Skip to main content

A Python- and pandas-powered client for statistical data and metadata exchange

Project description

1. Overview

pandaSDMX is an endeavor to create an SDMX client that facilitates the management, acquisition and analysis of large datasets disseminated according to the SDMX standard by national statistics offices, central banks and international organisations. Notable SDMX data providers are Eurostat, the European Central Bank, the Bank for International Settlements, the International Monetary Fund, and the OECD, to name but a few. pandaSDMX reads datasets and converts them into pandas time series or DataFrames with hierarchical indexes created from structural metadata. Metadata on the content of datasets (so-called dataflows) is stored locally using SQLite.

2. Installation

pandaSDMX contains the pure Python module ‘pandasdmx’. You can install it with “pip install pandasdmx” or manually by downloading and extracting the source distribution, and issuing “python setup.py install” from the command line.

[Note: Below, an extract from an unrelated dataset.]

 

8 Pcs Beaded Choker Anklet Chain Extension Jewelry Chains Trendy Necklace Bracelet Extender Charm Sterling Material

pandaSDMX has the following dependencies:

  • the data analysis library pandas which itself depends on a number of packages, and

  • requests

It is highly recommended to use one of the pre-packaged Python distributions for scientific computing and data analysis rather than installing those dependencies separately. Scientific Python distributions include, among many other useful things, the interactive, web-based Python shell IPython which is a must-have when working with data. The author uses Anaconda. For other Python distributions (not only scientific) see here.

3. Usage

Suppose we wanted to conduct some research on the European dairy industry. As pandaSDMX’s support for FAO is still experimental (or indeed not working), we will look for relevant data from Eurostat, the European statistics office. It provides data from national statistics offices of the 28 EU countries and more.

Step 1: Instantiate a ‘Client’ for it

>>> from pandasdmx import client
>>> estat = client('Eurostat', 'milk.db')

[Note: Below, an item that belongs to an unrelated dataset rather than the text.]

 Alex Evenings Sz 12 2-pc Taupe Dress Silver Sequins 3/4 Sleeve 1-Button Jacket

Here, we have used the factory function ‘client’. It instantiates the ‘Client’ class using the values hard-coded in pandasdmx.providers.

Step 2: Get the available dataflows and download interesting datasets

Now that we have an SDMX client for Eurostat, we call its ‘get_dataflows’ method to download the complete list of dataflows. A dataflow is essentially a table of all available datasets referenced by their flow references plus a human-readable description. Eurostat offers about 4500 datasets. Downloading the complete list may take a while.

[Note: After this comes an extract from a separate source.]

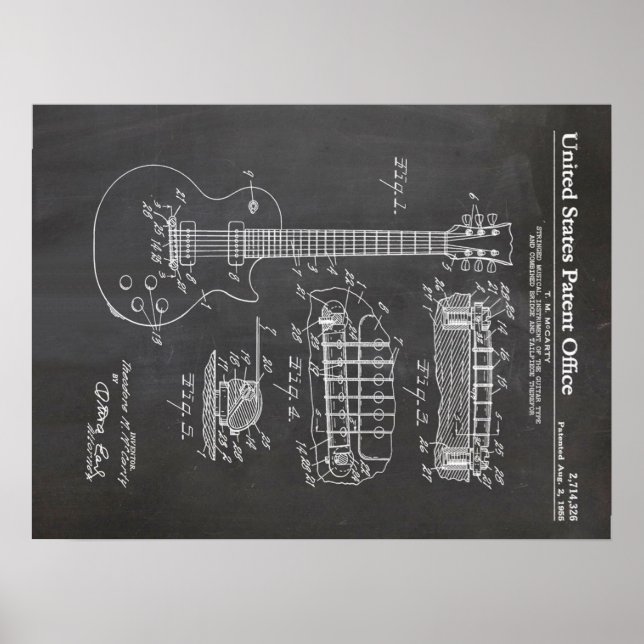 3 Electric Guitar Patent - Funny Music Lover Gift Poster (Front)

>>> db = estat.get_dataflows()
>>> str(estat)
"<class 'pandasdmx.Client'>('http://www.ec.europa.eu/eurostat/SDMX/diss-web/rest', 'ESTAT', db_filename = 'milk.db') Database: <sqlite3.Connection object at 0x0501A130> ['table: ESTAT_dataflows SQL: CREATE TABLE ESTAT_dataflows \\n            (id INTEGER PRIMARY KEY, agencyID text, flowref text, version text, title text); ']"

The string representation of ‘Client’ shows the attached SQLite database and the tables. Note that the get_dataflows() method has just created the ‘ESTAT_dataflows’ table.

Next, we select dataflows whose title (description) contains the word ‘milk’.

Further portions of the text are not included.